Rumours of China Buying Supports Euro

The Euro got a much welcomed helping hand from China of all countries overnight, after news reports surfaced that China was going to buy between 4 and 5 billion Euros worth of Portuguese debt. The reports went on the state that the deal had China buying in both the primary and secondary markets through Q1 of 2011. The news was much needed relief for the Euro which has been under siege this week.  Talk from ratings agencies of further downgrades to peripheral countries in the EU has weighed heavily on the common currency which bounced off of fresh all-time low against the Swiss Franc and Australian Dollar following the reports of China buying European assets.
While the China reports are a faint sliver of hope for the EU, further softness in the Euro is expected as we close out the year. Simply put, the problems in the EU are much, much bigger than 4 or 5 billion Euros, and at this point, the root causes of the debt concerns don’t appear to have been resolved. In fact it feels eerily like the end of December 2009 with all of the negative sentiment currently surrounding Europe. With thin holiday trading taking hold in the markets, jumpy and erratic movement is expected, as lower volumes will see imbalances created in the market whenever larger transactions occur. However speculators minds will be focused on friends & family at this time of year, rather than jumping into the markets with their billions of hedge funds dollars. This is likely to have a calming effect which will keep ripples in the market from growing into waves.
British Growth Forecasts for 2011 CutIt was reported that Quarter-over-Quarter GDP is down in Q3 to 0.7% from 0.8% the preceding quarter and the Current Account deficit grew to GBP 9.6 billion in Britain during the European session. Trade was widely expected to help push the British economy into a period of recovery, however so far is only acting as a drag on growth. In response to this new data the British government cut is growth forecasts for next year.
 Adding another dimension to the situation, the current government has pledged to get a handle on Britain’s largest ever peacetime deficit. Plans include cuts to spending by GBP 81 billion and a further GBP 29 billion in new taxes. However analysts have noted that growth has not picked up the way policy makers had hoped, and inflation remains well above the target 2%. This situation potentially leaves the Bank of England little in the way of manoeuvrability should it need to step in to control the runaway inflation. British business associations have also been quick warn against pulling support out of the economy too quickly. Given the concerns that tight fiscal measures may jeopardize the current recovery in the United Kingdom, the opposition, not wanting to miss the party has jumped in and accused the government of cutting too deep too quickly. It’s a rocky road ahead both politically and economically for a coalition government that is already struggling.

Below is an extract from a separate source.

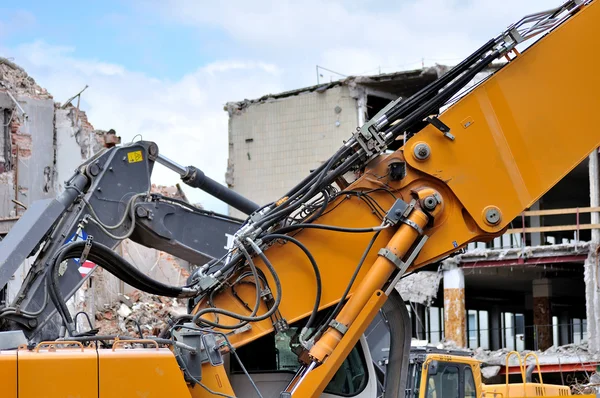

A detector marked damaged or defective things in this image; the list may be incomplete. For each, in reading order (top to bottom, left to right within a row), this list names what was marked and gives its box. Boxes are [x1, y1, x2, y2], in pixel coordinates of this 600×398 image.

damaged roof edge [223, 62, 504, 115]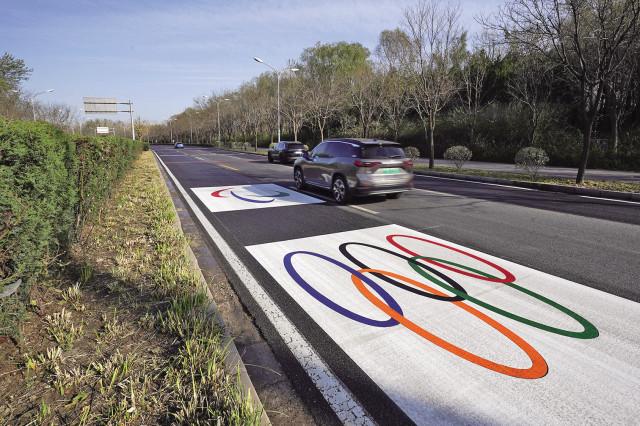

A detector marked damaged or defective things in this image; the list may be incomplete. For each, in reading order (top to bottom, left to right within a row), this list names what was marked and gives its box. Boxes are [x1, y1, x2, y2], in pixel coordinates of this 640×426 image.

white painted road patch [189, 182, 320, 212]
white painted road patch [246, 225, 640, 424]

The Day and Week AheadExisting Home Sales in the US is out this morning with expectations around 4.72M. Tomorrow is a little busier in the North American Session, with: Canadian Q3 GDP (market expectations are around 0.3%), weekly US Unemployment Claims (always exciting), US Core Durable Goods orders for the month of November, and US New Home Sales. A strong number in today’s Existing Home Sales would be the third month of growth in the last four. Coupled with a strong New Home Sales number tomorrow, it would support the growing notion that the housing market in the US may be turning the corner after the sub-prime mortgage disaster. Friday has nothing of importance on the docket as it is the last day before the Christmas weekend, generally the beginning of the quietest period of the year in money markets, which ends on the first business day of the New Year.